La propia María podría haber estado allí. Había estado de visita durante tres semanas y abordó el avión de regreso a Ecuador unas horas antes de los sismos del 24 de junio. “El terremoto ocurrió cuando yo volaba”, dice a la AFP por llamada telefónica. Al aterrizar, “explotó el teléfono de mensajes porque mucha gente creía que yo seguía en Caracas”, cuenta.
Antes de reencontrarse con los suyos para ir a casa, “ya había recibido un video del edificio en el suelo”. “Ahí la desesperación pasó a otro nivel”, confiesa. Ella y sus hermanos empezaron entonces una angustiosa búsqueda. Activaron grupos de chat de la familia y de vecinos y contrataron a un motorizado para revisar las listas de vivos, heridos y desaparecidos en los hospitales de Caracas.
Gracias a un grupo de WhatsApp, los vecinos de los 14 pisos del edificio Petunia en Caracas pudieron reconectar con los emigrados que buscaban a sus familiares desde Miami, España, República Dominicana, Panamá o Ecuador.
El viernes, un mensaje de ese chat informó que habían recuperado un cuerpo similar al de Magnolia.
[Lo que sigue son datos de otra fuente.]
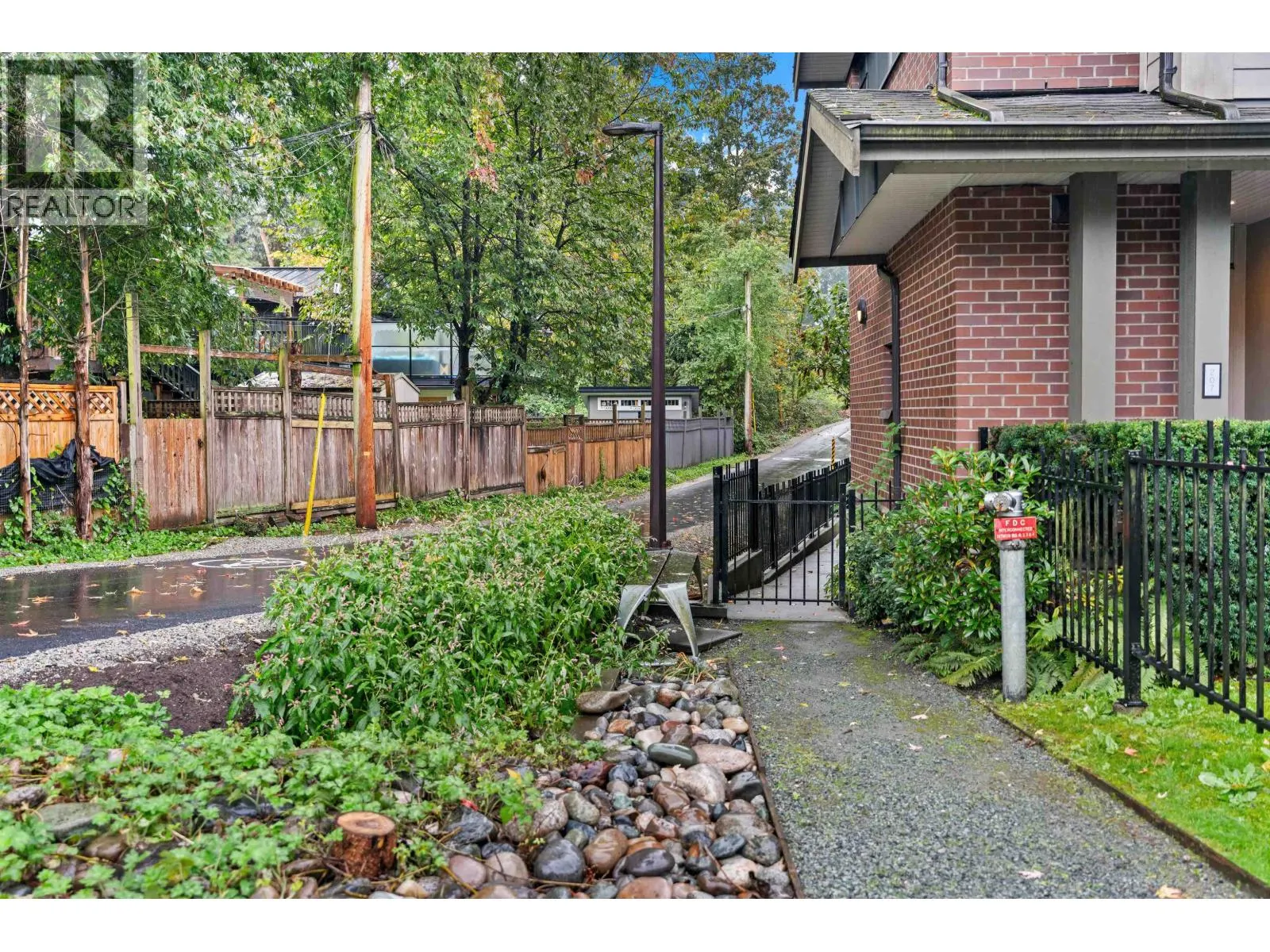 207 2135 HERITAGE PARK LANE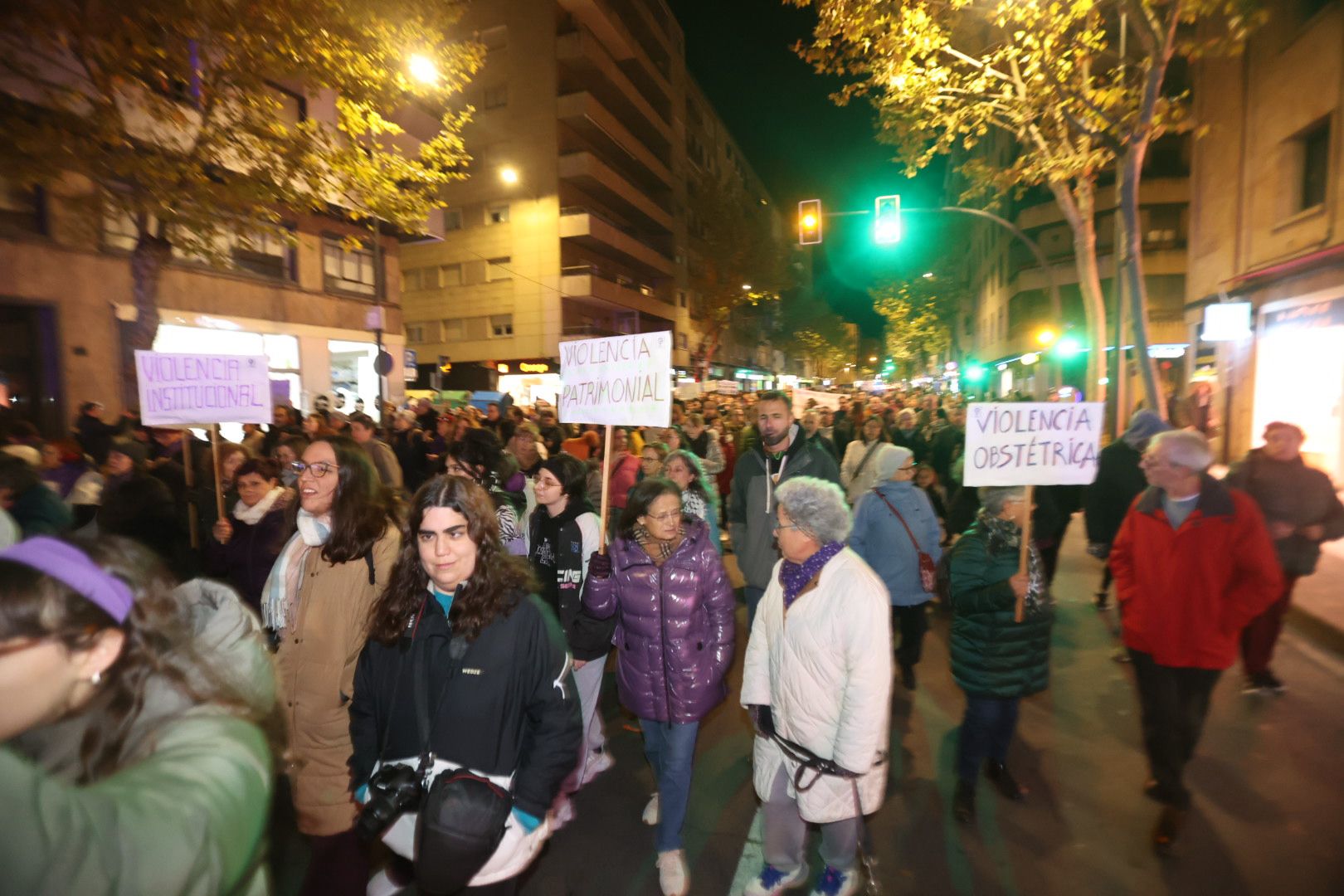 Con el lema &#039;El machismo nos cuesta la vida&#039;, Salamanca clama contra la violencia de género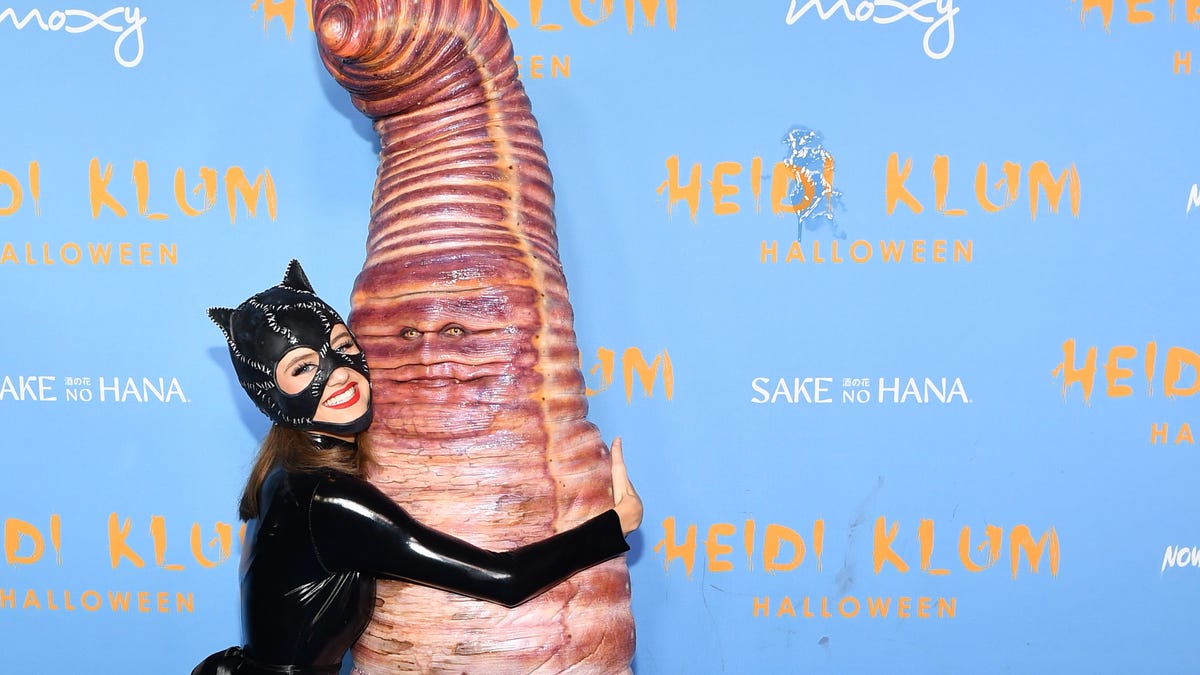 NEW YORK, NEW YORK - OCTOBER 31: Leni Klum and Heidi Klum attends Heidi Klum's 21st Annual Halloween Party presented by Now Screaming x Prime Video and Baileys Irish Cream Liqueur at Sake No Hana at Moxy Lower East Side on October 31, 2022 in New York City. (Photo by Noam Galai/Getty Images for Heidi Klum)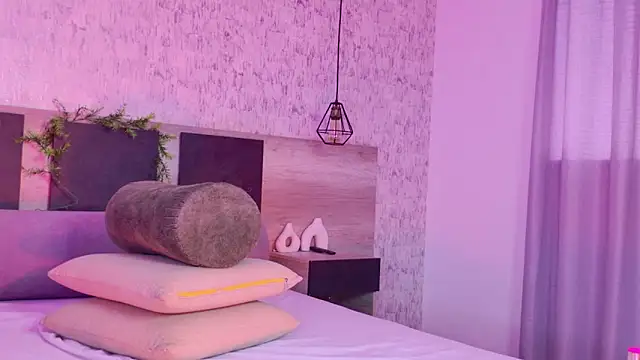 Celine Lee online show from February 14, 3:42 pm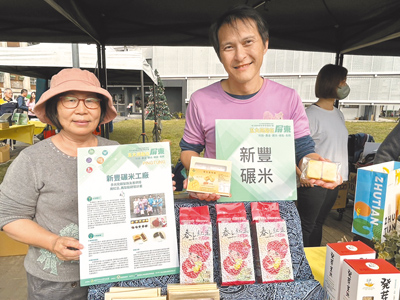 新豐碾米工廠在屏縣府SBIR計畫協助下,成功以山梨糖醇代替砂糖研發出低升糖指數(GI)的紅豆餡、鳳梨餡,符合銀髮族需求。(謝佳潾攝) image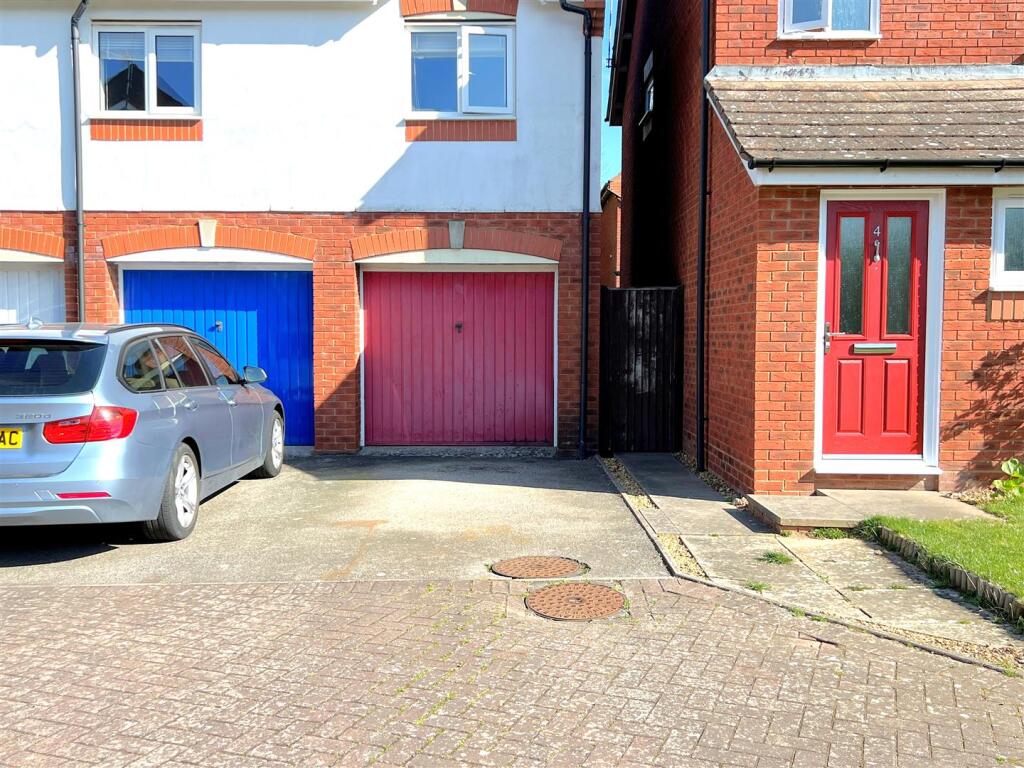 drive and garage.jpg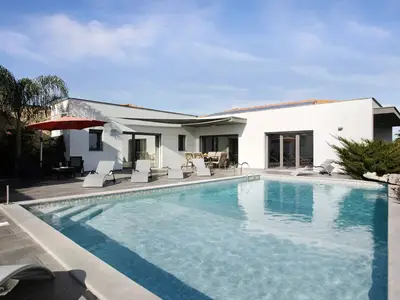 PoolOfHouse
Un día después, María confirmó que era su madre.
“Pasé tres semanas limpiando y doblando su ropa, por eso pude reconocer lo que llevaba puesto en esa foto”, explica esta investigadora de la Facultad Latinoamericana de Ciencias Sociales.
“No sabemos nada de él”
La desesperación de los Pessina se repite entre millones de venezolanos en el exterior. Muchos siguen buscando a familiares entre los más de 2.300 muertos y decenas de miles de desaparecidos de los terremotos de hace una semana, sin poder viajar ni sepultarlos en su país.
Venezuela cuenta con el mayor éxodo de la historia reciente de América Latina: 7,9 millones de personas han salido del país en la última década, según el Alto Comisionado de Naciones Unidas para los Refugiados (ACNUR).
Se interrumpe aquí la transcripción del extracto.